About 2.9 percent of renewals are done over the telephone, Leathers said. Callers call a telephone number, provide a renewal ID number and a verification code from their renewal notice and key in their credit card number to pay their fees. Such renewals amounted to about 63,000 in fiscal 2015, according to the department.

Roughly 1.45 percent of renewals are handled at "our kiosk system [with tablet devices] that we are developing" in some of the larger revenue offices, Leathers said. Those amounted to 31,000 in fiscal 2015, according to the department.

The kiosks are in revenue offices in Benton, Bentonville, Bryant, Fayetteville, Fort Smith, Jonesboro, Sherwood, Springdale, Russellville and west Little Rock and at the revenue office west of the state Capitol in Little Rock, according to department records.

Kiosk users are informed the next time they need to renew, they can complete the process from home via Internet, Leathers said.

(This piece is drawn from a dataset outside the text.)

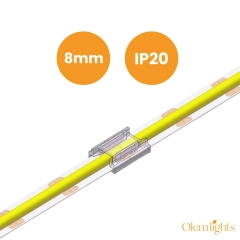 Złączka podwójna do taśm LED COB MONO 8mm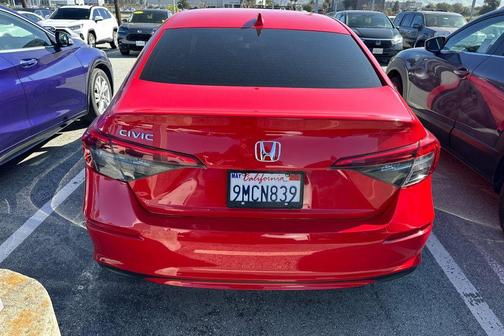 2024 Honda Civic LX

State Rep. Kim Hammer, R-Benton, said he asked Finance Department officials to appear before the legislative committee he co-chairs because he's received "some feedback from around the state about the length of time it takes to get through" the local revenue offices and he wanted the department to explain the steps it's been taking to remedy the matter.

Leathers said the department's revenue offices employ 472 people and handled 4.1 million in transactions in the past fiscal year.

These transactions included the 2.1 million registration renewals, 973,000 first-time vehicle registrations, 895,000 new driver's licenses and 107,000 other assorted transactions, he said. The offices collect $531 million in taxes and fees each year.

The offices' annual budget is $24.4 million according to department records; 16 of the 134 offices are part time, typically opening a day or two per week.

Leathers said the vehicle registration process is complicated for Arkansans and state officials have tried to simplify the process over the years.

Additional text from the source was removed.